What this task involves | The needed output is the run of lines below from the one containing "Vintage Floral Chandelier" through the one containing "MP7 submachine gun", copied exactly and free of pictures.

Dataset records |

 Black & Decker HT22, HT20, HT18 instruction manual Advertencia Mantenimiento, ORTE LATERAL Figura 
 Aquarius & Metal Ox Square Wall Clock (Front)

--

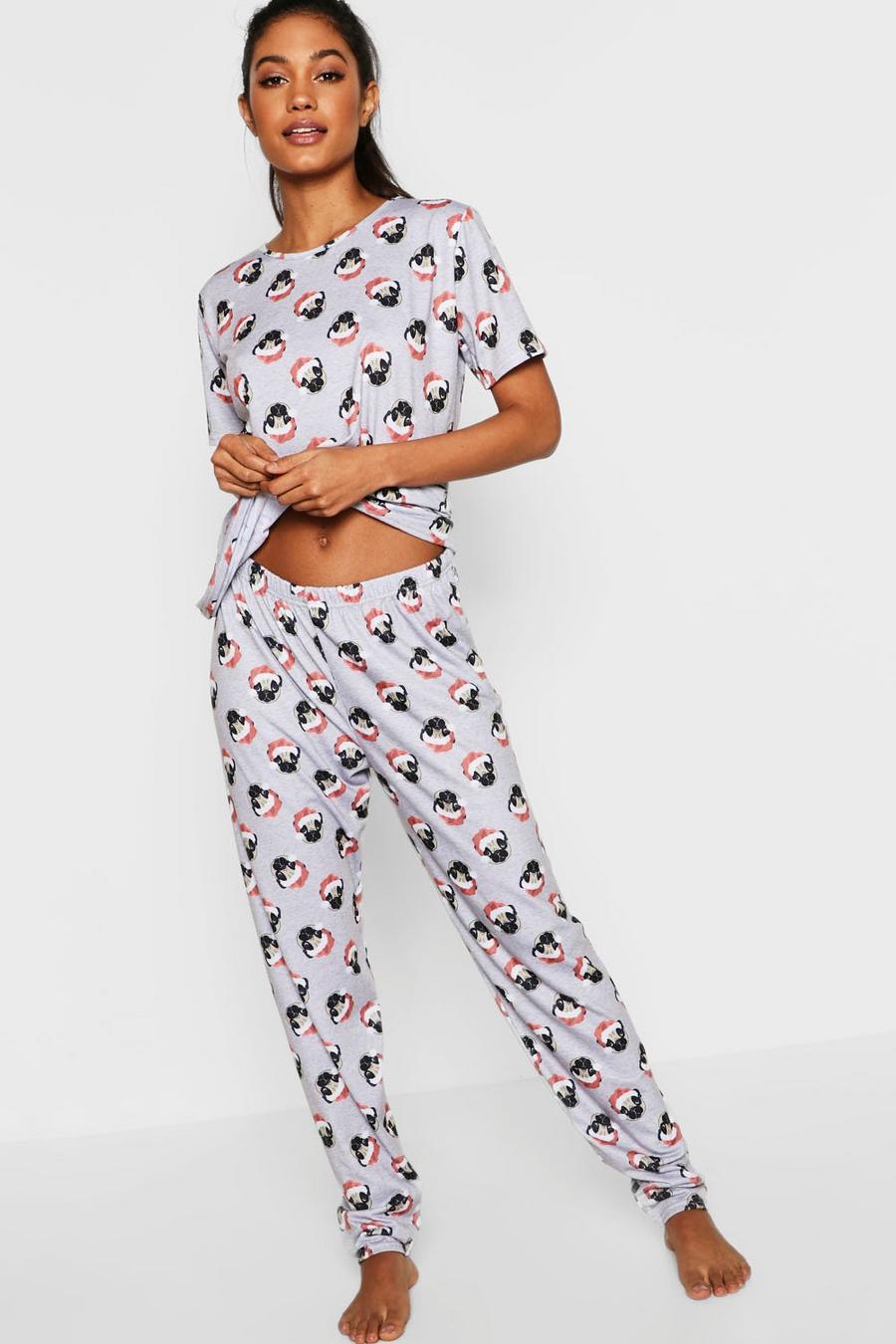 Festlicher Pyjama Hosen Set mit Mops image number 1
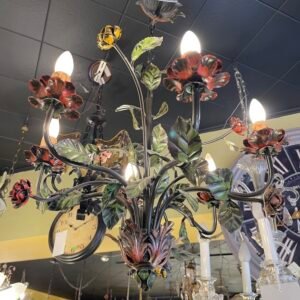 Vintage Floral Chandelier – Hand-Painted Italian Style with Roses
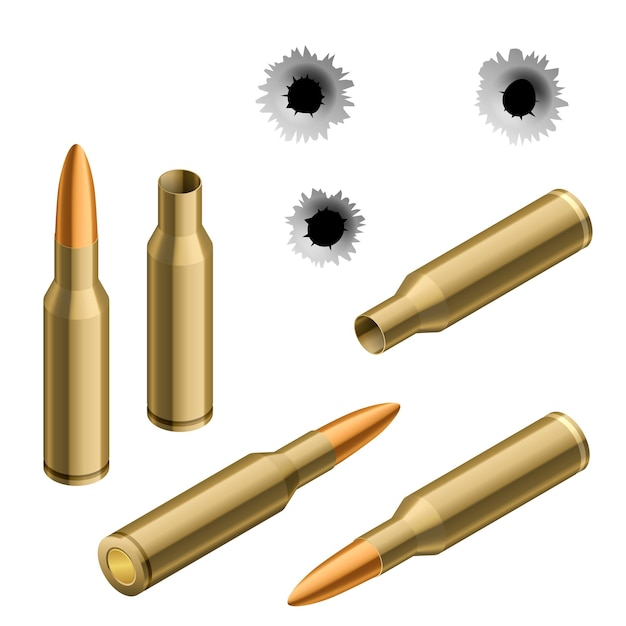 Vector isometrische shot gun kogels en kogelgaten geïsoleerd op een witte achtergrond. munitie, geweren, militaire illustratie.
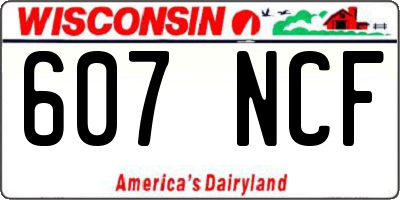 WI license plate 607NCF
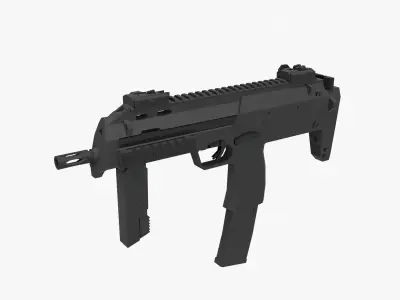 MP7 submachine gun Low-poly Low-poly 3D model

==

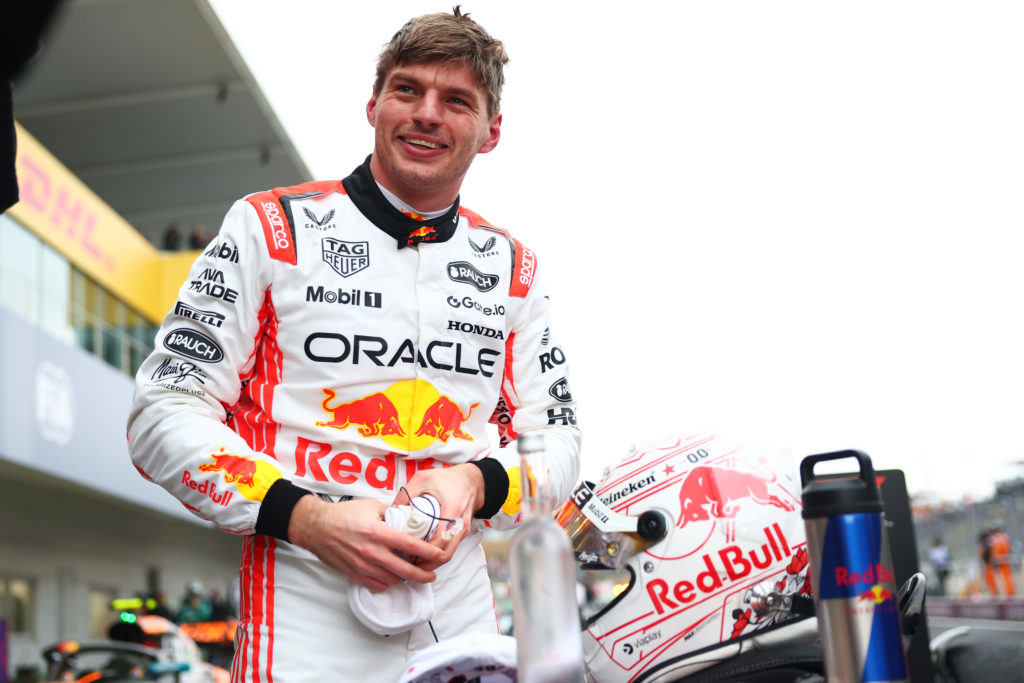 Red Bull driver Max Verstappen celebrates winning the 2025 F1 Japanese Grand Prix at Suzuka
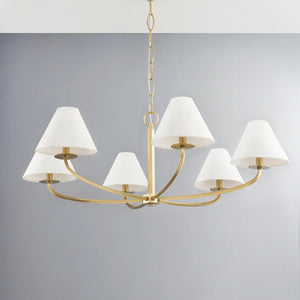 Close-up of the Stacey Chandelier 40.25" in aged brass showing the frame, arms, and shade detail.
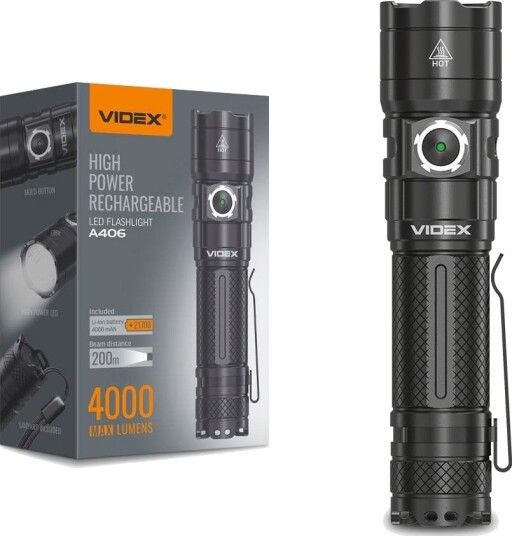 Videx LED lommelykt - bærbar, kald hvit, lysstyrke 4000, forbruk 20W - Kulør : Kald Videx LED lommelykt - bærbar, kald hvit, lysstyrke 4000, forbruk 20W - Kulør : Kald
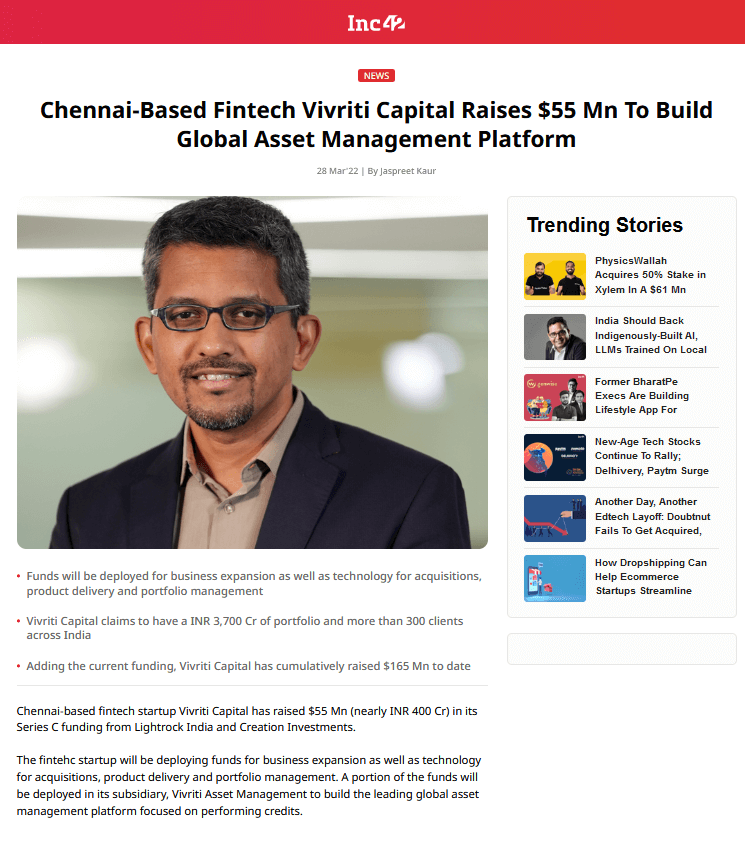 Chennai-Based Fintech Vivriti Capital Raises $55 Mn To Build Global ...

Reply to the task |
 Vintage Floral Chandelier – Hand-Painted Italian Style with Roses
 Vector isometrische shot gun kogels en kogelgaten geïsoleerd op een witte achtergrond. munitie, geweren, militaire illustratie.
 WI license plate 607NCF
 MP7 submachine gun Low-poly Low-poly 3D model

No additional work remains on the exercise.